Richard Lawson of High Riggs


Richard Lawson of High Riggs was 15th century Scottish landowner and lawyer who served as Provost of Edinburgh in 1492 and 1493 and 1504/5.
He was trained as a lawyer and largely served the country in the role of ambassador in treaties with England and as King's Council.

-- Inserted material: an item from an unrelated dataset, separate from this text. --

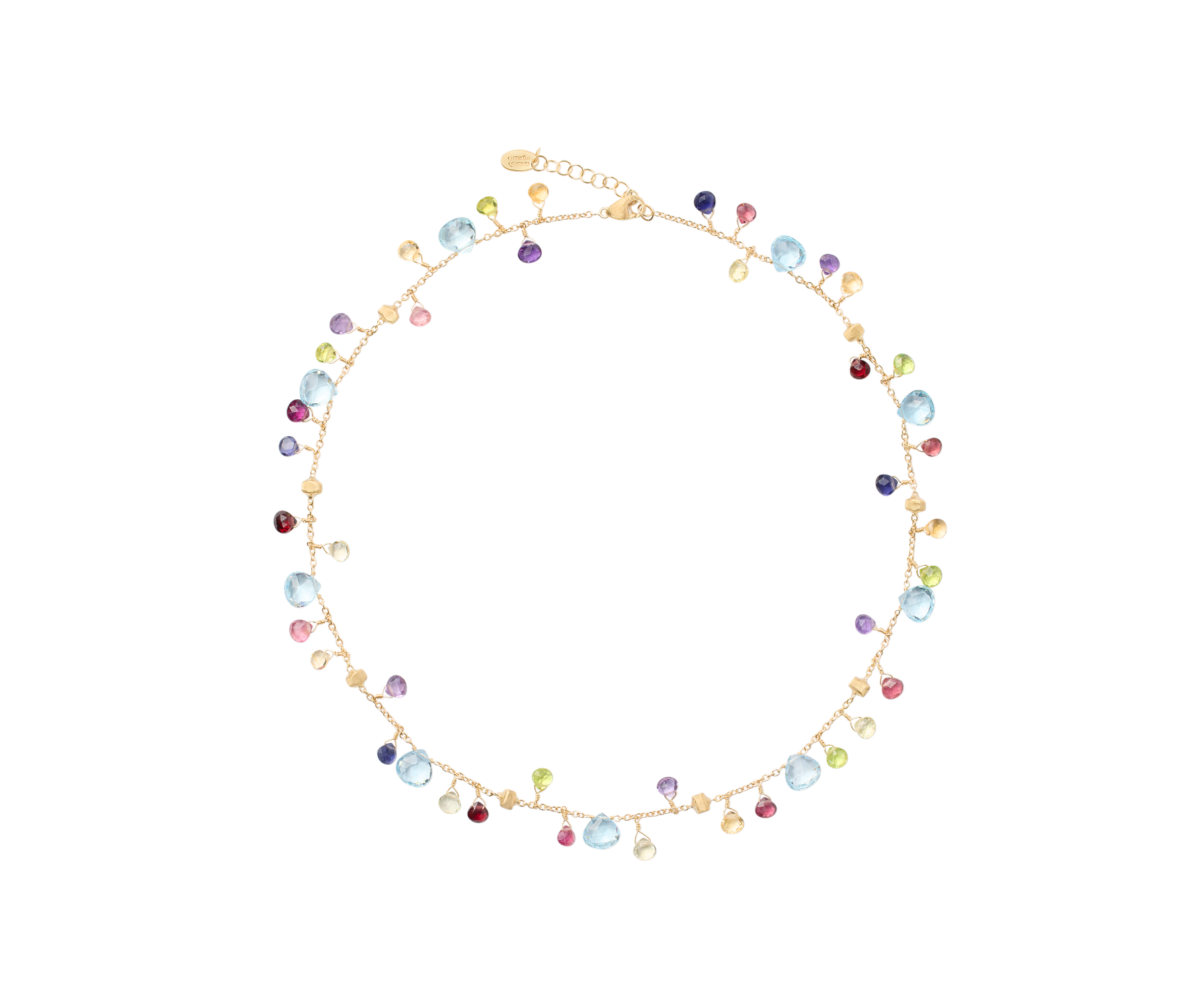 Marco Bicego Paradise Halskette aus Gold mit bunten Edelsteinen CB2584-E_MIX01T_Y_02 bei Juwelier Hungeling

He owned a country estate known as Cairnmuir House in the Pentland Hills.
The area known as High Riggs still exists as a street name in Edinburgh and previously related to a wide area of high fields, south-west of the city, "Rigg" being Scots for a field, normally of linear form.
He served as Town Clerk in Edinburgh in 1482. He was Justice Clerk from 1489 to 1495.

Family

His son Robert Lawson was one of the many killed at the Battle of Flodden in 1513.. His son James Lawson was an MP in the Scottish Parliament in 1528, 1531 and 1532.
His grandson James Lawson, Lord Lawson was both a Senator of the College of Justice from 1532 and Provost of Edinburgh in 1532.
In 1568, a descendant, John Lawson of High Riggs, made complaint to the Town Council that the Flodden Wall had been built in such a way as to cause the flooding of his property. In 1573 the Council declared parts of his building at High Riggs as unsafe and a public danger. This house known as theOver Bowwas demolished in 1877.